Is it Time to Revive the Police Athletic League?

By Mark Naison

Call me sentimental, but I long for the days when police officers would serve as volunteer coaches and community workers in poor and working class neighborhoods and get to know the young people there in a different capacity than as would be law breakers and “perps.” A great organization in NY, the Police Athletic League ( PAL), arose at the turn of the 20th Century to encourage that development.

The PAL was started because in NY’s immigrant neighborhoods at the turn of the 20 century, families were under so much strain that they had little opportunity to guide and mentor young people, which made young men in particular prime recruits for organized crime and the underground economy. Since today’s economy, with its great polarities in wealth, bears so much resemblance to that of the late 19th and early 20th Century, we may be seeing similar strains on families that leave many young people virtually raising themselves. And while no program is a panacea, the PAL had enough success in my formative years to make it worth reviving at a time of extreme police/community polarization. Or at least worth discussing as something which might ease the tensions.

I also saw it first hand in  a Brooklyn sports organization I once worked in during the 80’s and 90’s: the 78th Precinct Youth Council. When officials of the group asked me to take over a basketball league it sponsored which was plagued with fights and near riots, the coaches and referees I recruited to help me run it included several police officers, who were incredibly devoted to the young people in the league and helped turn it from a trouble spot into a success.
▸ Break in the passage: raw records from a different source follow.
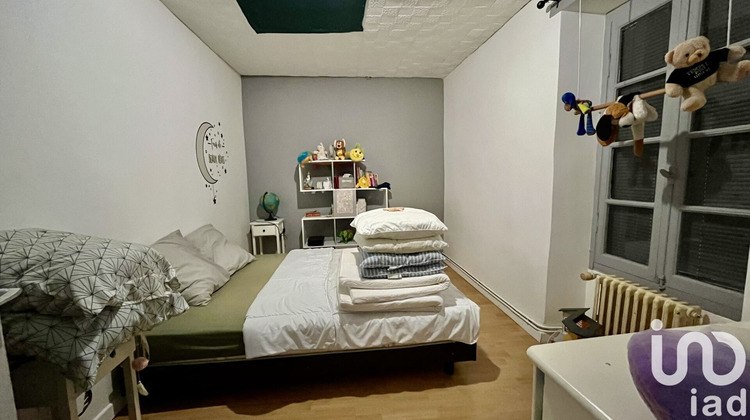 Ma-Cabane - Vente Maison Chaillé-les-Marais, 122 m²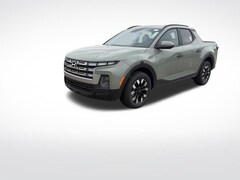 2026 Hyundai Santa Cruz SEL Activity AWD Truck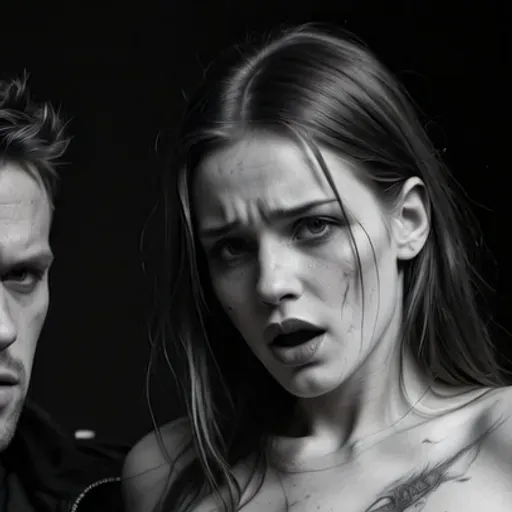 Penghasil gambar lucah AI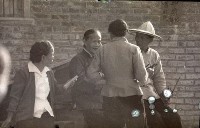 1950至2006年臺灣常民生活藏品圖，第1張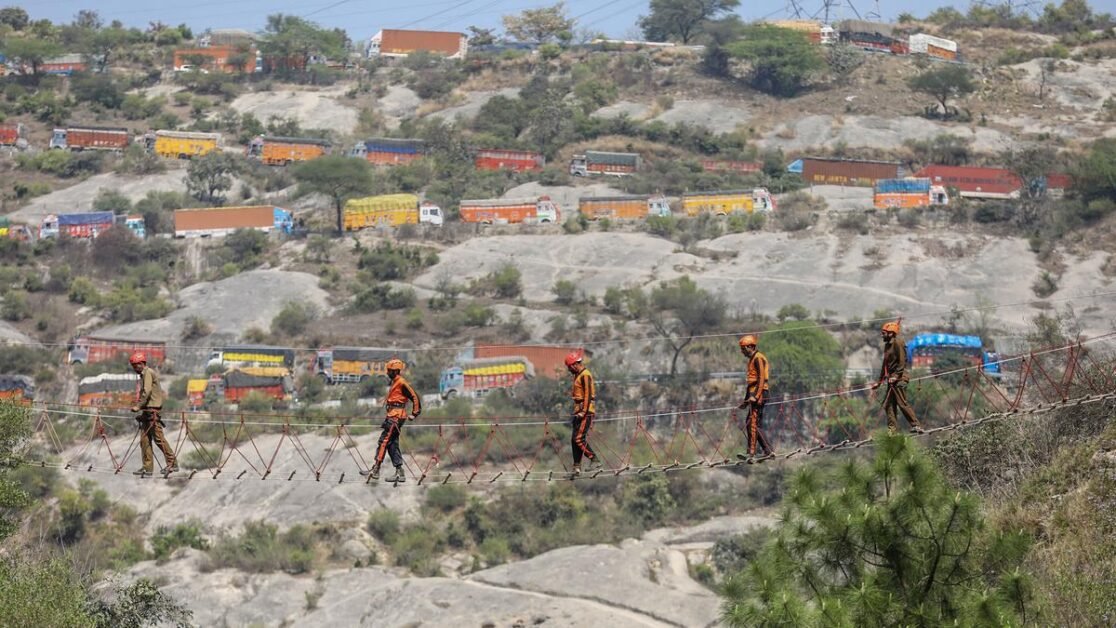 अमरनाथ यात्रा एक जुलाई से शुरू होकर 31 अगस्त तक चलेगी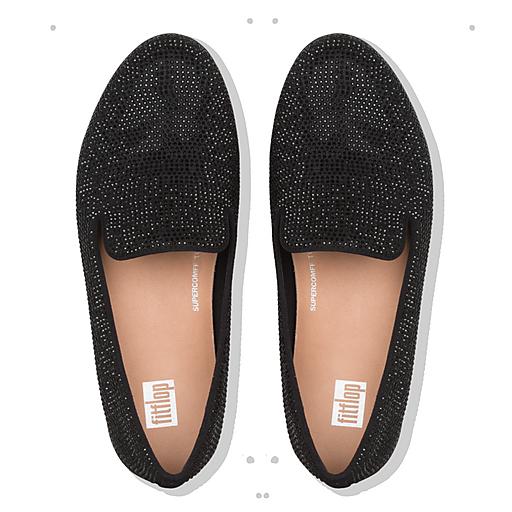 Fitflop outlet audrey loafers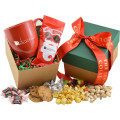 Mug and Tootsie Rolls Gift Box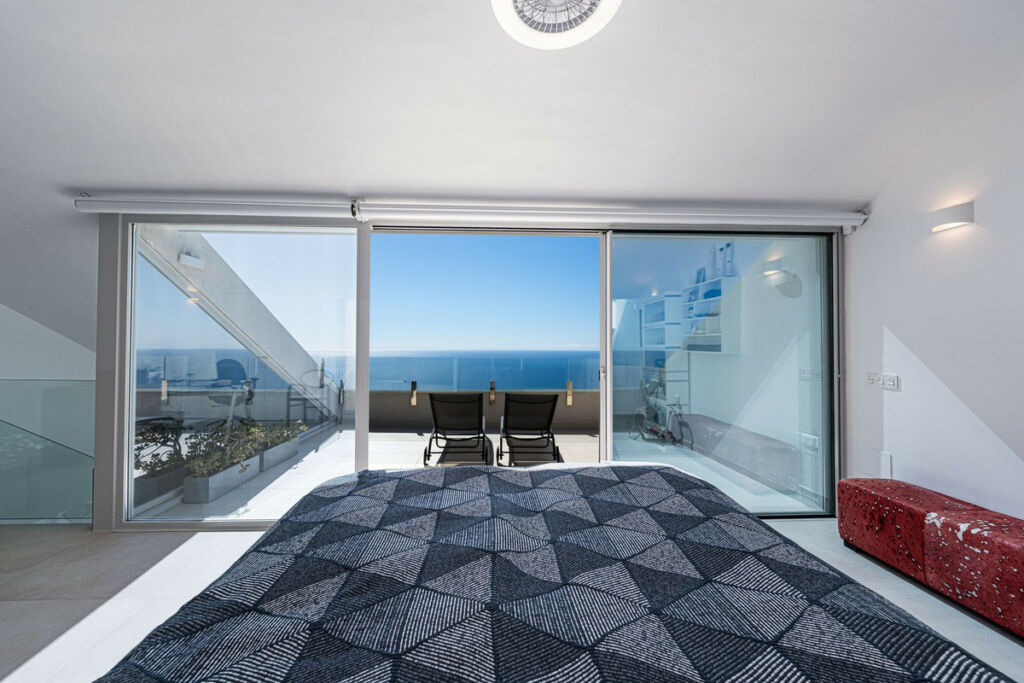 Penthouse Duplex Benalmadena Málaga - image 25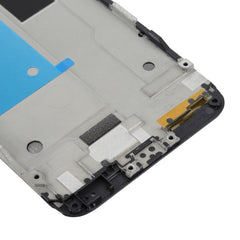 Front Housing LCD Frame Bezel Plate for Google Pixel XL / Nexus M1, For Pixel XL / Nexus M1 Front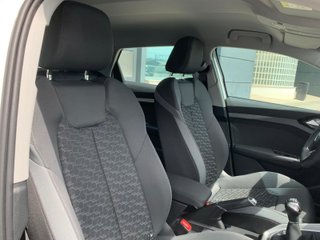 Audi A1 Sportback S line 30 TFSI 81kW (110CV)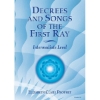 Decrees and Songs of the First Ray - CD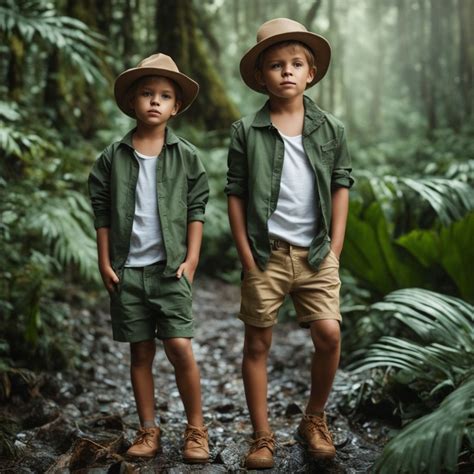 kids cloth outfit adventure outfit safari outfits adventure outfit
I think there is a lesson here that has been forgotten in our obsession with subjecting public service occupations to “data driven management.” One great way to have police be more responsive and caring and knowledgeable in communities they patrol is to have them involved with neighborhood youth off the job. In that capacity, I would love to see the PAL revived and revitalized so that young people will see police officers as coaches and mentors, as well as people dispatched with orders from afar to enforce the law.